La Hongrie, sous le règne de Mathias Corvin jusqu’en 1490, puis de Vladislas II Jagellon, n’intervient pas directement en Bretagne. Cependant, ses relations avec les Habsbourg et son positionnement dans les conflits européens influencent les stratégies des belligérants. Mathias Corvin, adversaire de Maximilien, est perçu comme un allié potentiel par Henri VII, qui cherche à contrer les ambitions des Habsbourg dans les Pays-Bas. En 1488, des contacts diplomatiques sont établis, notamment via Robert de Champlayn, un émissaire ayant combattu les Turcs en Hongrie. Ces échanges visent à créer un front anti-Habsbourg, affaiblissant Maximilien sur plusieurs fronts.

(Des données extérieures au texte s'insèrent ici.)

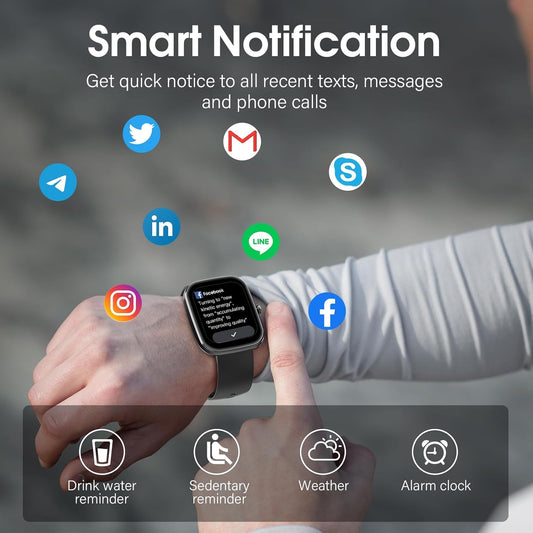 Smart Watch for Men Women(Answer/Make Calls), 1.91" Touch Smartwatch, 110+ Sport Activity Tracke with Heart Rate Sleep Monitor Step Counter, IP68 Waterproof Fitness Watch for Android Ios, Black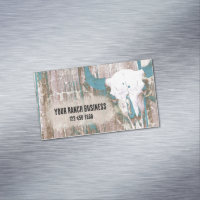 Rustikaler Western Bull Skull Aquamarin Brown Text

La mort de Mathias en avril 1490 change la donne. Maximilien, libéré du conflit hongrois, se tourne vers la couronne de Hongrie, mais ses ambitions sont freinées par Vladislas II. Ce dernier, après le traité de paix de Presbourg (1491), adopte une posture pragmatique. Une lettre de l’évêque de Sion en 1492 suggère que Vladislas aurait envoyé des fonds et des troupes tchèques pour soutenir Maximilien contre la France. Cependant, Bárány nuance cette hypothèse, estimant qu’il s’agit probablement d’un soutien symbolique, lié à l’indemnité de guerre prévue par le traité. La Hongrie, affaiblie par les attaques turques et les tensions internes, n’avait ni les moyens ni l’intérêt d’intervenir militairement en Bretagne.

Une diplomatie européenne interconnectée

L’étude met en lumière la complexité de la diplomatie européenne à cette époque. La guerre de Bretagne n’est pas un conflit isolé : elle s’inscrit dans un réseau d’alliances et de rivalités impliquant l’Angleterre, la France, les Habsbourg, l’Espagne et, indirectement, la Hongrie. Maximilien, tiraillé entre ses ambitions hongroises et bretonnes, doit jongler avec des ressources limitées. Henri VII, initialement neutre, bascule vers une alliance avec Maximilien pour contrer l’expansion française, mais la « trahison » de ce dernier, qui signe une paix séparée avec la France en 1489, complique les plans anglais.

La Hongrie, bien que géographiquement éloignée, joue un rôle de contrepoids. En occupant Maximilien sur le front oriental, elle limite sa capacité à intervenir en Bretagne. Le traité de Presbourg, en libérant Maximilien du conflit hongrois, lui permet de se concentrer sur l’Ouest, mais ses échecs militaires et financiers l’empêchent de contrer l’annexion de la Bretagne par Charles VIII en 1491, lorsque ce dernier épouse Anne.

Une leçon d’histoire pour la Bretagne

Pour les Bretons, cette période illustre la vulnérabilité du duché face aux grandes puissances européennes. La guerre de Bretagne montre comment des décisions prises à des milliers de kilomètres, comme en Hongrie, pouvaient influencer le destin d’un territoire. L’implication indirecte de la Hongrie, via sa rivalité avec les Habsbourg, a contribué à affaiblir l’alliance anti-française, facilitant l’annexion du duché par la France.

Cette étude rappelle également l’importance de la diplomatie dans l’histoire européenne. La Hongrie, sous Vladislas II, sort de l’isolement post-Mathias Corvin et s’affirme comme un acteur à considérer. Pour la Bretagne, l’échec de l’indépendance face à la France marque un tournant, mais l’héritage de cette période continue de nourrir la mémoire collective bretonne.